Movie Review: The Lucky One


Based on the Nicholas Sparks novel of the same name, The Lucky One is a near-insufferable, clumsy kitschy party that combines forced sentimentality with slack storytelling. Though it sets out to be a feel good film about a lucky chap, the film turns every single member of the audience into an unlucky one. 

Anyone familiar with Sparks’ work will know what to expect – long, shoddily-scripted scenes of adults behaving like pre-pubescent kids confessing their private feelings to each other. This is of course better than long, shoddily-scripted scenes of pre-pubescent kids confessing their private feelings, because they would only result in films about videogames and farts. But The Lucky One has too many contrivances, cringe inducing dialogues, laughable conflicts and cheap reconciliations, none of which carry any insight to justify them.

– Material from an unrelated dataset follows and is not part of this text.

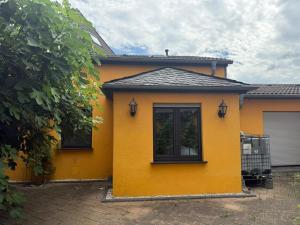 a yellow house with two windows and a garage at Bungalow sunshine in Weilerswist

So here we have a marine (Zac Efron) stationed in Iraq – he chances upon a photograph of an unknown beautiful blonde woman (Taylor Schilling) and it somehow ends up saving his life. When he gets to return home, he makes up his mind to find this guardian angel and thank her. After a quick search on the internet he locates her at a dog training sanctuary in North Carolina and heads over, only to begin working for her and falling in love. As fate begins to take over the secret he has kept from her, the ex-husband turns up to add to the frivolity of the plot.

With its main character that is 25-year-old but looks 17, and one that is unable to break free from his lone expression, The Lucky One isn’t even a chick flick. Efron is hilariously unbelievable as a marine – sulking and vacant, coming across as someone who was fired on the sets of a High School Musical movie. Schilling is equally ludicrous and ditsy, with her wide eyed grins that give the impression of a third grader in a quantum mechanics class. It also hurts that Alar Kivilo’s overtly sappy visual aesthetic can’t give momentum to the gears of the plot. To add to this, the cheesy visuals and acting is coupled with composer Mark Isham’s dreadfully schlocky score. It’s all a big package that assumes that the audience is hopelessly barmy and it constantly manipulates with bittersweet buttery visuals and narration. 

The Lucky One fails on almost every possible level – it seeks our boundless empathy but gives us nothing in return.